3 Der genannte Richter wies die Beschwerde mit Erkenntnis vom 12. Dezember 2017 gemäß § 22a Abs. 1 BFA-VG iVm § 76 Abs. 2 Z 1 FPG als unbegründet ab, verpflichtete den Revisionswerber zu Aufwandersatz an den Bund und wies dessen Antrag auf Aufwandersatz ab. Gemäß Art. 133 Abs. 4 B-VG wurde eine Revision für nicht zulässig erklärt.

 

4 Über die gegen dieses Erkenntnis erhobene Revision hat der Verwaltungsgerichtshof nach Aktenvorlage und Durchführung eines Vorverfahrens - Revisionsbeantwortungen wurden nicht erstattet - in einem gemäß § 12 Abs. 1 Z 2 VwGG gebildeten Senat erwogen:

5 In der Zulässigkeitsbegründung der Revision wird vorrangig geltend gemacht, die bekämpfte Entscheidung sei von einem nach der Geschäftsverteilung des BVwG hiefür nicht zuständigen Richter getroffen worden. Das trifft zu, weshalb sich die Revision unter dem Gesichtspunkt des Art. 133 Abs. 4 B-VG schon deshalb als zulässig und auch als berechtigt erweist.

6 Auszugehen ist von der Geschäftsverteilung des BVwG für das Jahr 2017 in der bei Einlangen der gegenständlichen Schubhaftbeschwerde am 1. Dezember 2017 maßgeblichen Fassung des Beschlusses des beim BVwG eingerichteten Geschäftsverteilungsausschusses vom 20. Oktober 2017.

7 Gemäß § 20 dieser Geschäftsverteilung umfassen die Geschäftsbereiche der Kammern die ihnen in der Anlage 2 der Geschäftsverteilung jeweils zugeordneten Zuweisungsgruppen; die Zuständigkeit einer Gerichtsabteilung erstreckt sich grundsätzlich auf den gesamten Geschäftsbereich jener Kammer, der sie angehört.
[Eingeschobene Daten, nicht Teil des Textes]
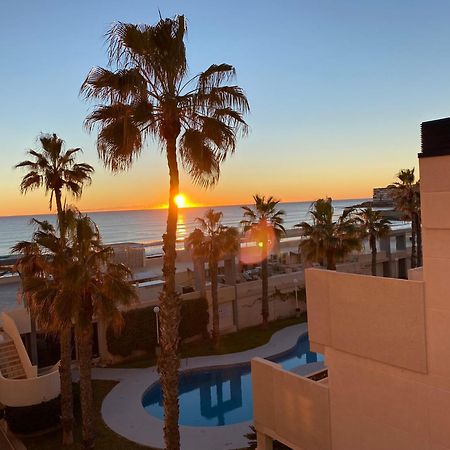 Torrevieja La Mata Primera Linea Playa Bagian luar foto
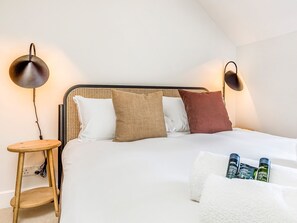 3 chambres, bureau, fer et planche à repasser, Wi-Fi gratuit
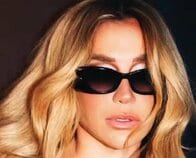 ハートの絵文字で隠しただけ…何も着ていない？米スターが海で遊ぶ「攻めすぎ投稿」にネット大興奮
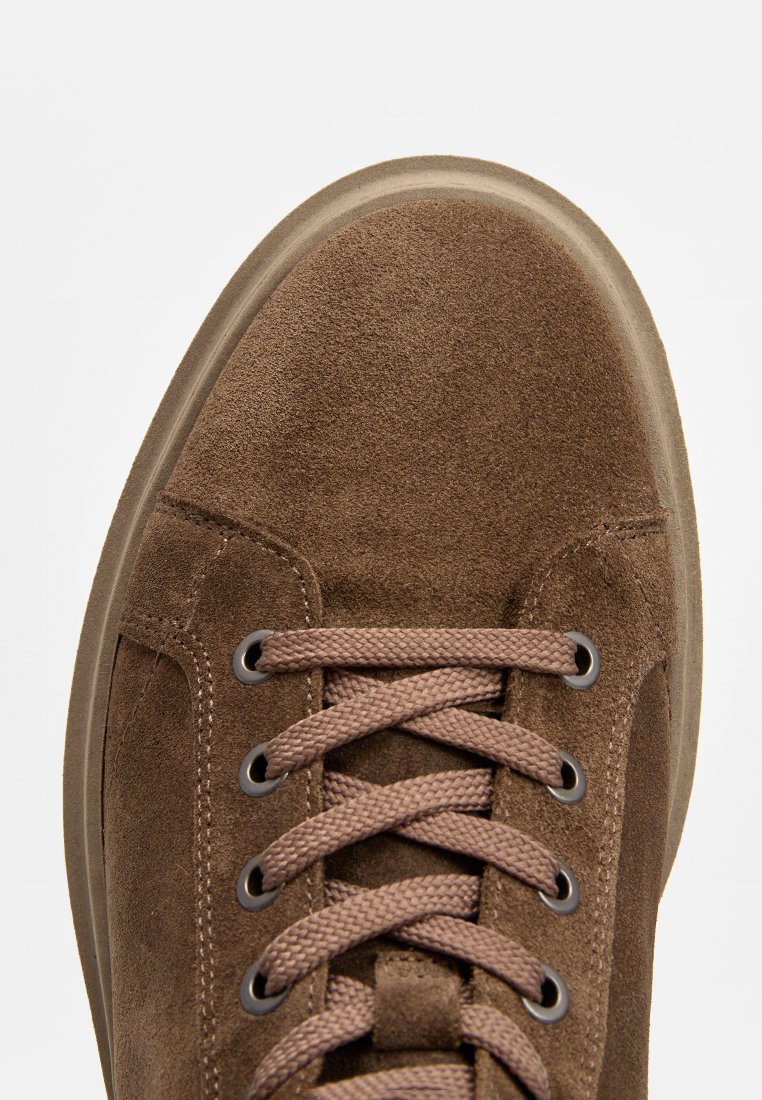 Braune Wildleder-Sneaker mit runder Zehenpartie, flachen Schnürsenkeln und strukturiertem Obermaterial. Verfügt über Metallösen und eine Gummisohle. Einfaches und minimalistisches Design.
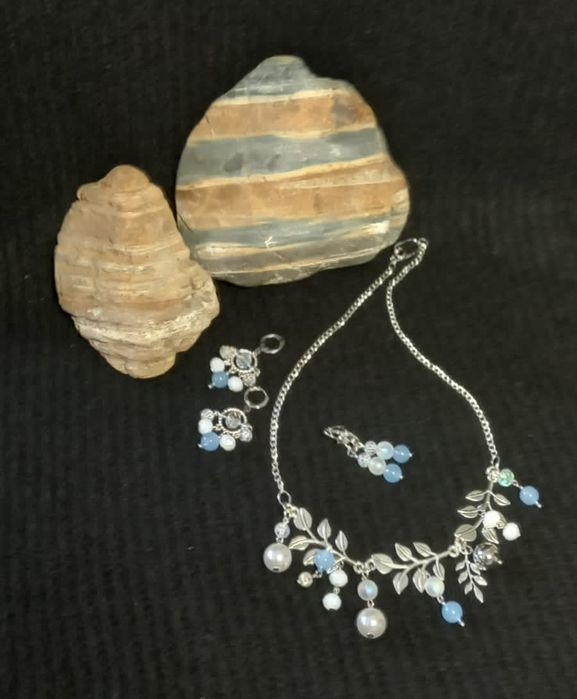 Ожерелье с серьгами ручной работы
8 Bezüglich der Zuweisung von Rechtssachen normiert § 21 der Geschäftsverteilung zunächst, dass sich die für die Zuweisung der Rechtssachen vorgesehenen Rechtsbereiche und Zuweisungsgruppen sowie die in den einzelnen Zuweisungsgruppen zusammengefassten Rechtsgebiete und Rechtsgrundlagen (Rechtsvorschriften) aus der Anlage 1 der Geschäftsverteilung ergeben. Demnach gibt es im Rechtsbereich "Asyl- und Fremdenrecht" u.a. die Zuweisungsgruppe "Schubhaft und Maßnahmenbeschwerden" mit der Kurzbezeichnung "SCH", der insbesondere Rechtssachen nach § 22a BFA-VG angehören. Im Einzelnen sind die Zuweisungsgruppen "SCH-G", "SCH-I", "SCH-L" und "SCH-W" vorgesehen, wobei die Zuweisungsgruppe "SCH-G" die Rechtssachen der Zuweisungsgruppe "SCH" im örtlichen Zuständigkeitsbereich (Sprengel) der Landespolizeidirektionen Steiermark und Kärnten umfasst.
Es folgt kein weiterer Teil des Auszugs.